[Records for this exercise]
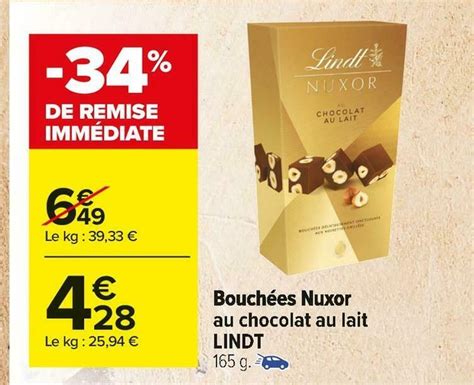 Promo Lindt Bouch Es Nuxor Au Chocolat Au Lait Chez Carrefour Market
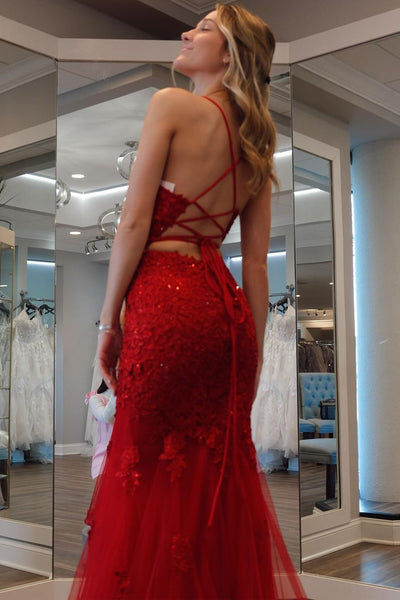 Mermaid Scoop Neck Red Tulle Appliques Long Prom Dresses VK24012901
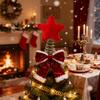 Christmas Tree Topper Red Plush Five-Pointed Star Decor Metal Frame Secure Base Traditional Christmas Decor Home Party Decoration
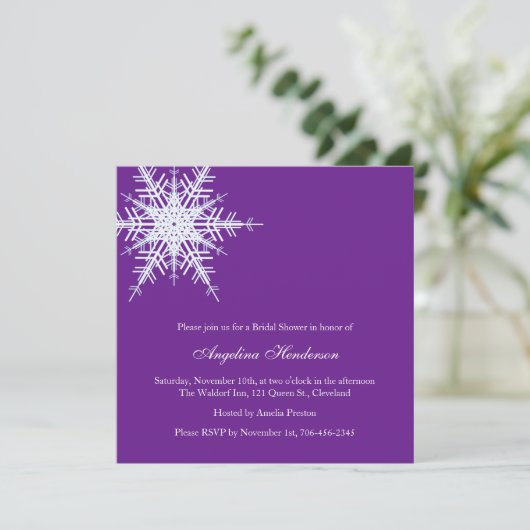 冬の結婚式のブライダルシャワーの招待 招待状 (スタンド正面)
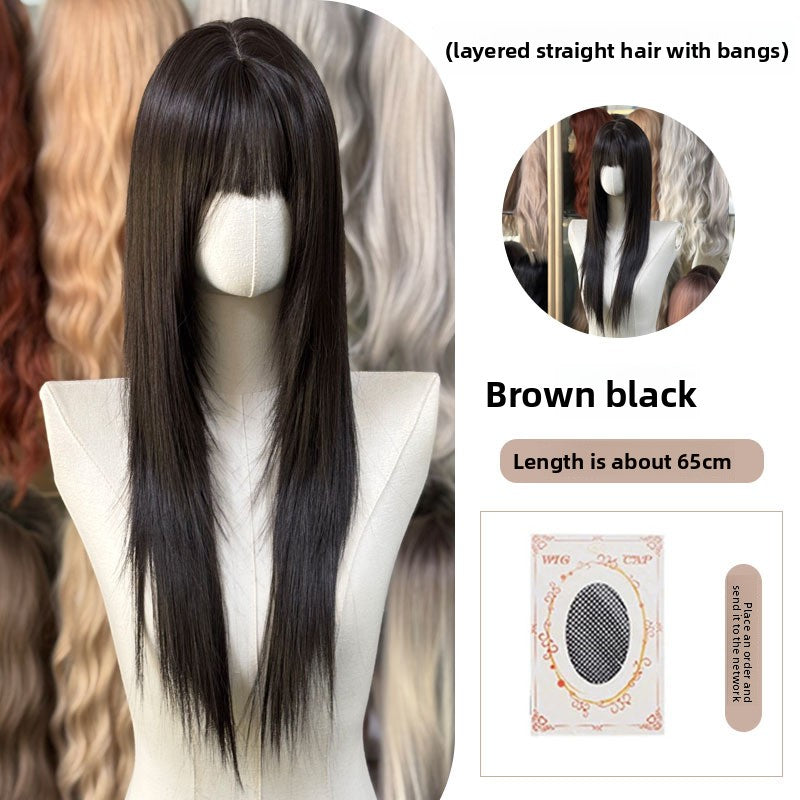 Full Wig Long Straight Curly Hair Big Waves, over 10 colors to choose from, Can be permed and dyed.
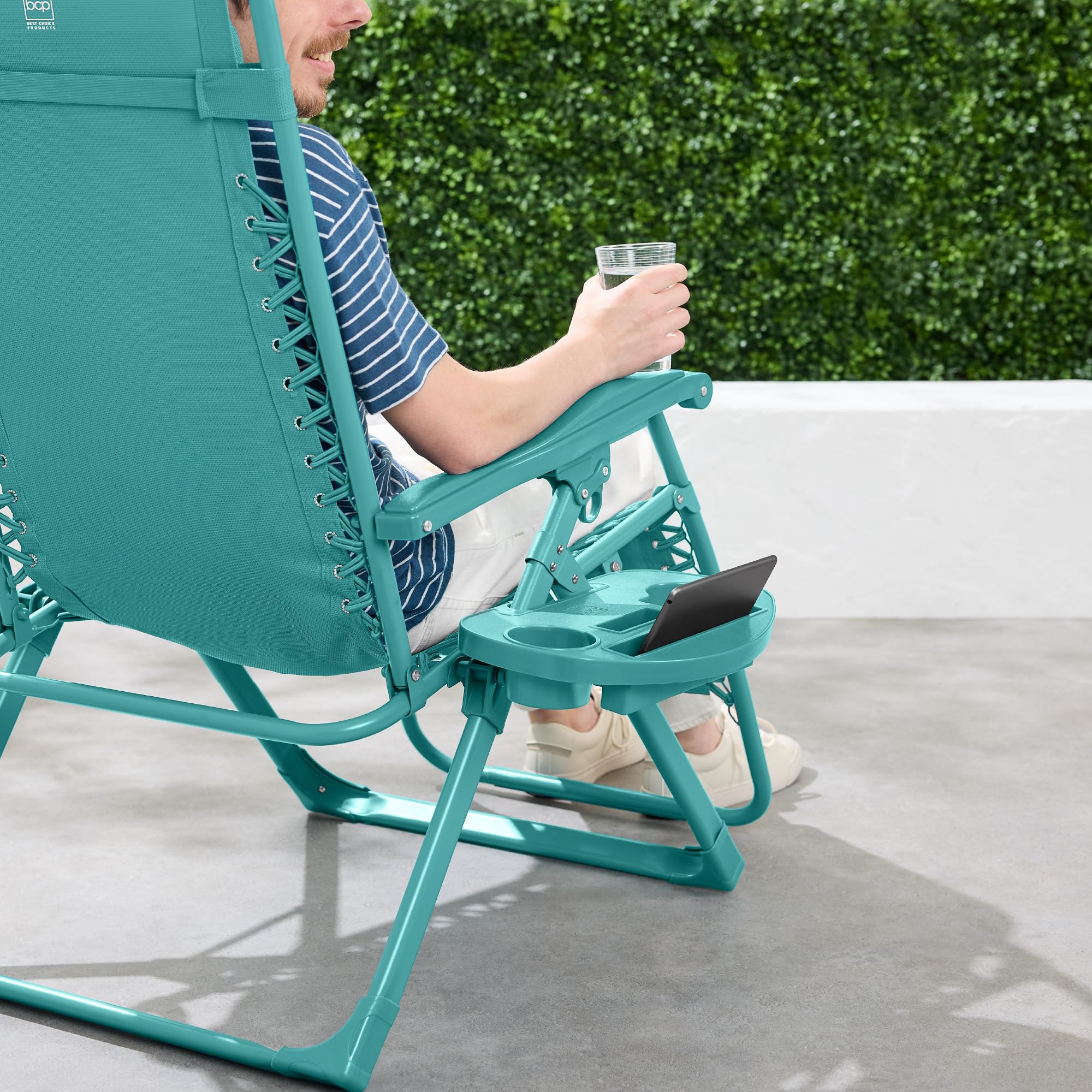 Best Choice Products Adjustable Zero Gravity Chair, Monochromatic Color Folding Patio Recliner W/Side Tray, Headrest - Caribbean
[/Records for this exercise]
- _What this task involves_:
The answer is the full set of records printed exactly, less the pictures.

- _Your solution_:
 Promo Lindt Bouch Es Nuxor Au Chocolat Au Lait Chez Carrefour Market
 Mermaid Scoop Neck Red Tulle Appliques Long Prom Dresses VK24012901
 Christmas Tree Topper Red Plush Five-Pointed Star Decor Metal Frame Secure Base Traditional Christmas Decor Home Party Decoration
 冬の結婚式のブライダルシャワーの招待 招待状 (スタンド正面)
 Full Wig Long Straight Curly Hair Big Waves, over 10 colors to choose from, Can be permed and dyed.
 Best Choice Products Adjustable Zero Gravity Chair, Monochromatic Color Folding Patio Recliner W/Side Tray, Headrest - Caribbean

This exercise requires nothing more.